Jacques Payet sensei. Yes. And also your ego. Killing your ego. But one of the most important moment is... How to say? Translation of martial art is different. Budo is not martial art. Aikido it is budo. Budo means stopping the fight. The way of stopping the fight. Not to fight. Its should be stopped. It is focus on internal training. So when somebody fight Budo is there to instead make them becoming friends. That is the purpose of budo. I think the first person who came to Japan translated budo as martial art. But it is wrong. And in the west everything: sports combat, budo or anything else are martial arts. One word. But in Japan is very different. That is why there are such questions and concern in the west, it is Because people mixed everything.

Yes. We mix green with wooden.

Jacques Payet sensei. Exactly! That is why.

So it is clear, that aikido is not for fight. But maybe it is not for self-defense too, but only for personal development.

Jacques Payet sensei. But it originates from samurai idea, it is taken very seriously. It is not something light or like sport. It is very serious because it is the most important thing in your live.

Well. For example, man who mastered in aikido Yoshinkan or Aikikai, not matter, who have already reached pure mind. If he will start practice, for example, box or karate his techniques will be more powerful. After aikido such person who is interested in self-defense will reach much better results because his mind will be prepared.

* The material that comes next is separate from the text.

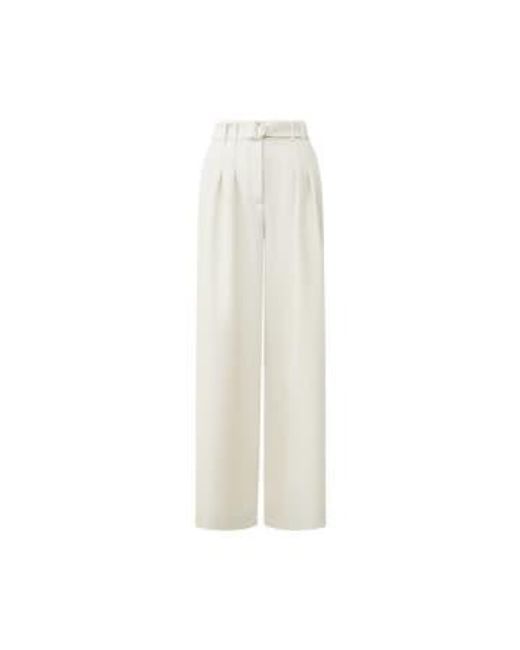 French Connection White Everly Suiting Trousers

Jacques Payet sensei. Yes, if mind is prepared. And also principles of aikido can be used easily. And these techniques... When I was in the USA, I knew many aikido teachers who changed aikido. They use aikido but for combat. My friend works in police and when he would do nikkajo he would kick or use punch or knees. And when he does any techniques he uses punches and it works. It is very easy to change. When doing kote gaeshi you punch and kick. But it becomes jiu jutsu, not aikido any more.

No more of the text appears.